Your response should contain exactly the lines running from the one with "Modelo de la" to the end of the data below, both included, and no pictures.

Image-text web data:
= Beginning of Section =

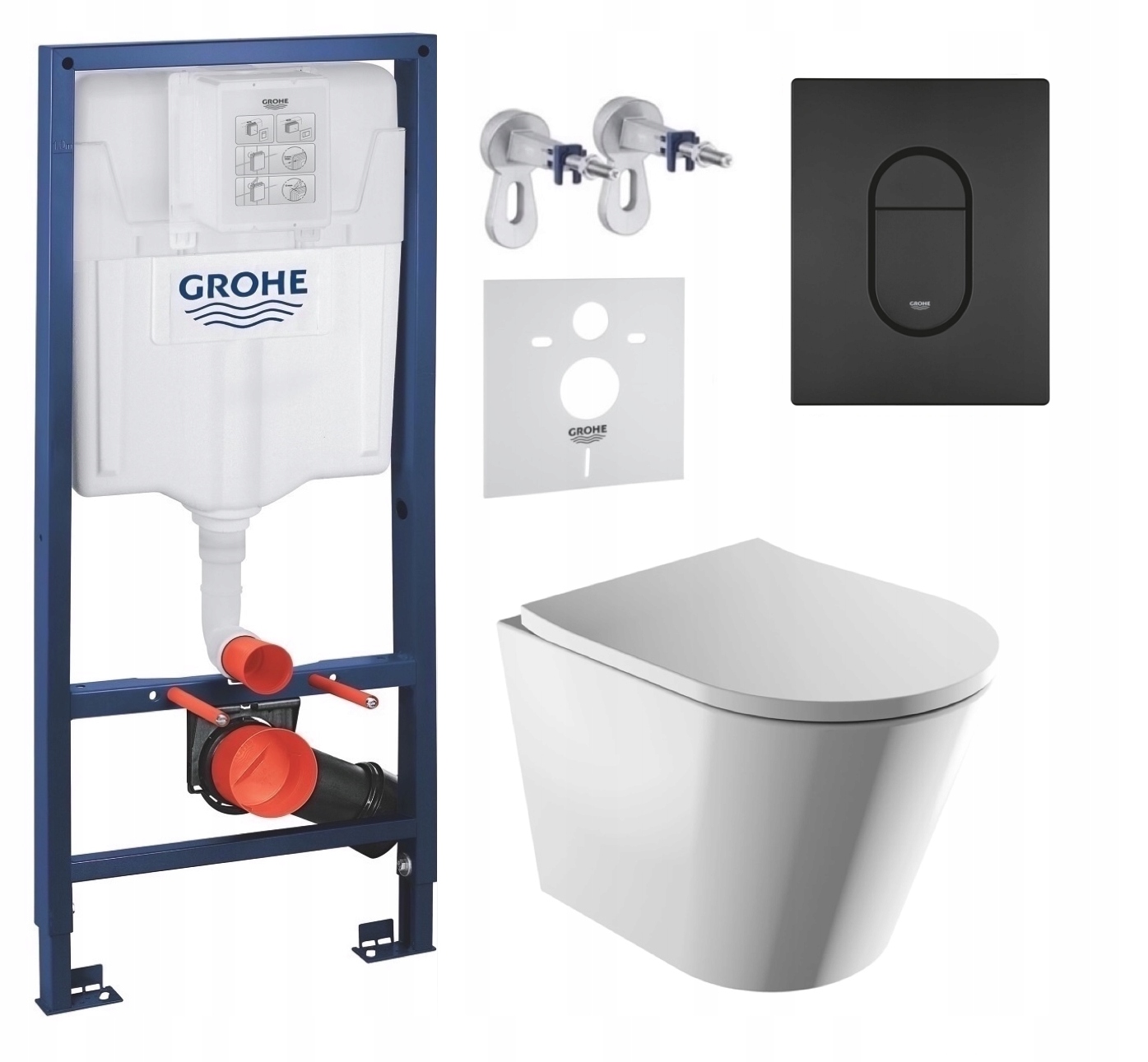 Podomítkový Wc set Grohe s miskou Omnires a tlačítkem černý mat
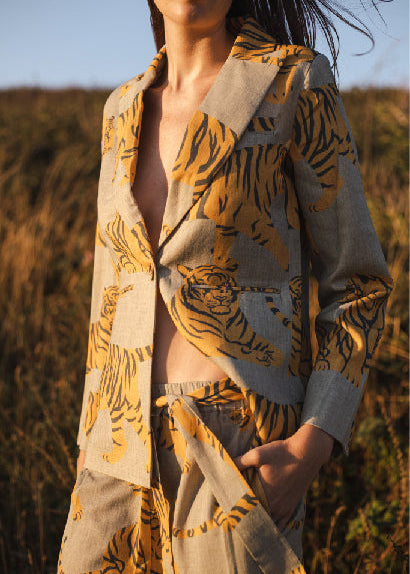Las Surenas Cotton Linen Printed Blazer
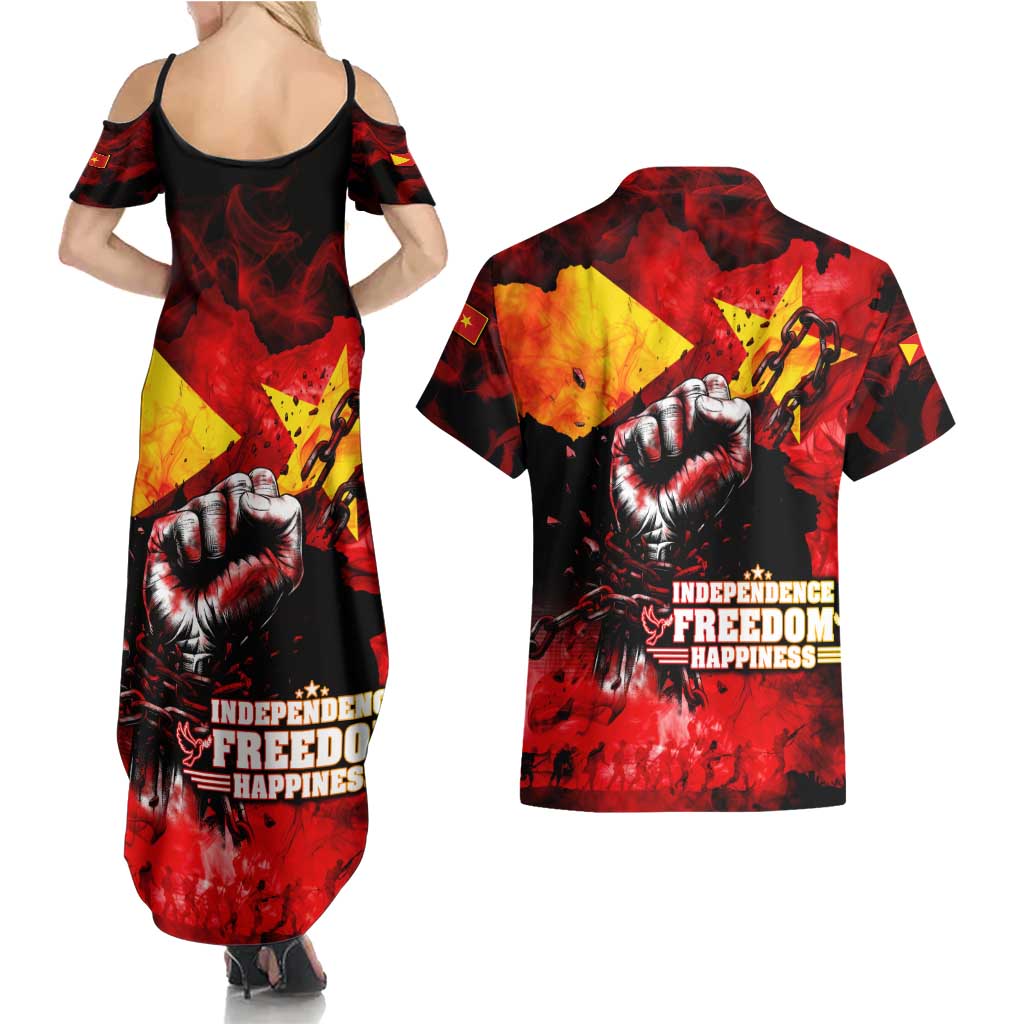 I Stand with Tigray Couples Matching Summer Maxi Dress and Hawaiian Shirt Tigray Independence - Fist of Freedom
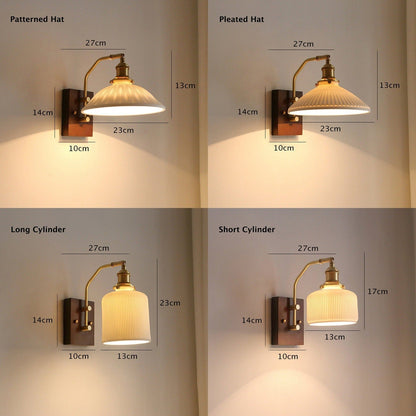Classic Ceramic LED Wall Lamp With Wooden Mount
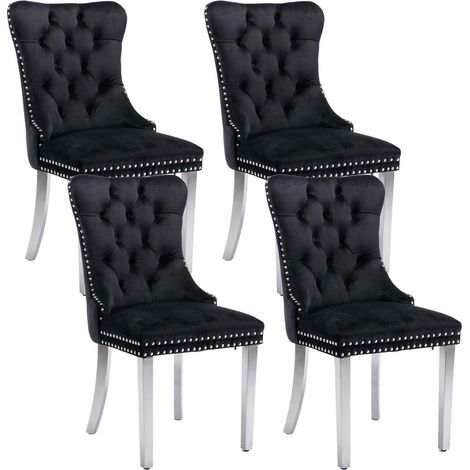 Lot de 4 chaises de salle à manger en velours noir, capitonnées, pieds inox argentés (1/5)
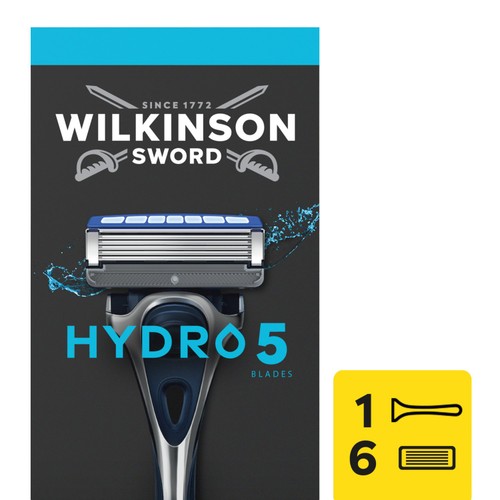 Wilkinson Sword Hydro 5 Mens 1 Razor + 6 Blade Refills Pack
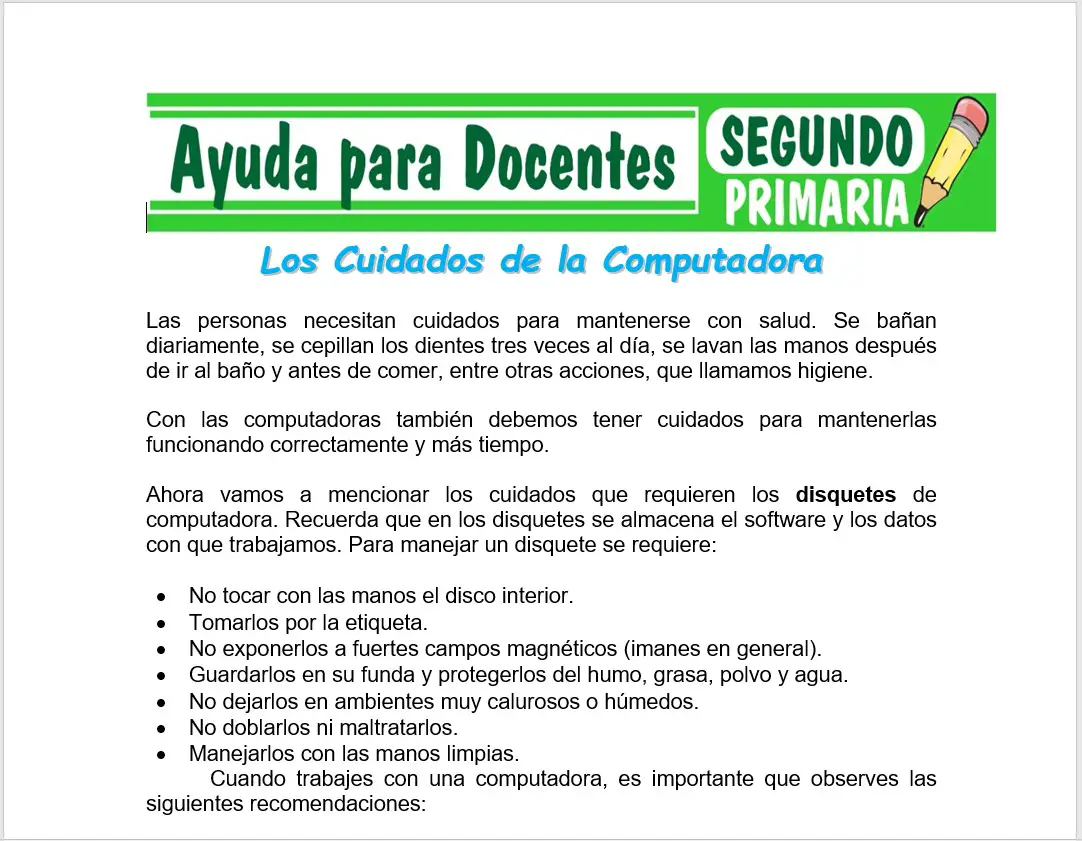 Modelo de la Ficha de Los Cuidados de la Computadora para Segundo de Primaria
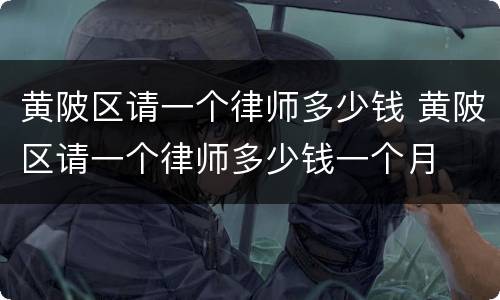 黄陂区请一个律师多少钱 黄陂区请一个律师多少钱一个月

= End of Section =

# Response to the task
 Modelo de la Ficha de Los Cuidados de la Computadora para Segundo de Primaria
 黄陂区请一个律师多少钱 黄陂区请一个律师多少钱一个月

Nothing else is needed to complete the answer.